Ergenekon ana
davasında
tanık olarak dinlenmek üzere önceki
duruşmaya çağrılan ancak rahatsızlığı nedeniyle hastaneye kaldırılan Esra Feride Gökçimen, ilk duruşmada olduğu gibi bugün de
sanık Semih Tufan Gülaltay'dan korktuğu için duruşma salonuna girmedi. Gülaltay'ın karşısına çıkmaya hazır olmadığını söyleyen Gökçimen,
gizli tanıklar için oluşturulan özel odaya alındı ve görüntüsü de duruşma salonundan izlettirildi. Gülaltay'ın tanık Gökçimen'i yalancılıkla suçlaması üzerine Gökçimen, "Sizin baskıcı tutumunuzdan dolayı herkes sustu. 70-80 yaşındaki adamı bile falakaya yatırıp dövmediniz mi? Oradaki falakaları, sopaları ve zincirleri inkar mı ediyorsunuz?" diye tepki gösterdi.
İstanbul 13. Ağır
Ceza Mahkemesi'nde görülen Ergenekon ana davasının 178. duruşmasına
tutuklu sanıklardan
Doğu Perinçek, Mehmet Fikri
Karadağ, Hayrettin
Ertekin,
Ergun Poyraz ve İsmail
Sağır katılmadı. Aralarında
Veli Küçük ve
Muzaffer Tekin'in de yer aldığı diğer 16 tutuklu sanık ile tutuksuz sanıklardan Güler Kömürcü
Öztürk, Aykut Metin Şükre ve
Erkan Ayyıldız ise duruşmada hazır bulundu.

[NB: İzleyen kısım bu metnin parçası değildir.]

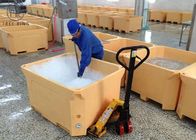 Boîtes de glace carbonique portatives de refroidisseur d'emballage 660L fournissant la bonne isolation à froid résistante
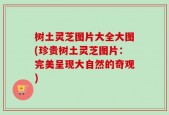 树土灵芝图片大全大图(珍贵树土灵芝图片：完美呈现大自然的奇观)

Kimlik yoklamasının ardından tutuklu sanıklardan
Oktay Yıldırım, Ergenekon ana davası ile İkinci Ergenekon davalarına ilişkin ele geçirilen mühimmatlarla ilgili olarak
mahkemeye ulaşan en son bilirkişi raporunun kendisine verilmesini istedi. Yıldırım, 15
Nisan 2011
Cuma günü talebinde bu konuya da değinmek istediği ancak rapora henüz ulaşamadığını açıkladı.
Mahkeme Başkanı Köksal
Şengün,
soruşturma aşamasında sanıklardan
Semih Tufan Gülaltay aleyhine ifadesi bulunan Esra Feride Gökçimen'in duruşmada hazır bulunduğunu söyledi. Bir dönem Gülaltay'ın ofisinde çalıştığı belirtilen Feride Gökçimen'in, can ve mal güvenliğinden endişe duyması nedeniyle duruşma salonuna girmek istemediği hatırlatıldı. Rahatsızlanarak hastaneye kaldırıldığı için geçen oturumda ifadesi yarıda kalan Gökçimen'in, bugün de duruşma salonuna girmek istemediği yönünde mahkemeye dilekçe verdiği açıklandı.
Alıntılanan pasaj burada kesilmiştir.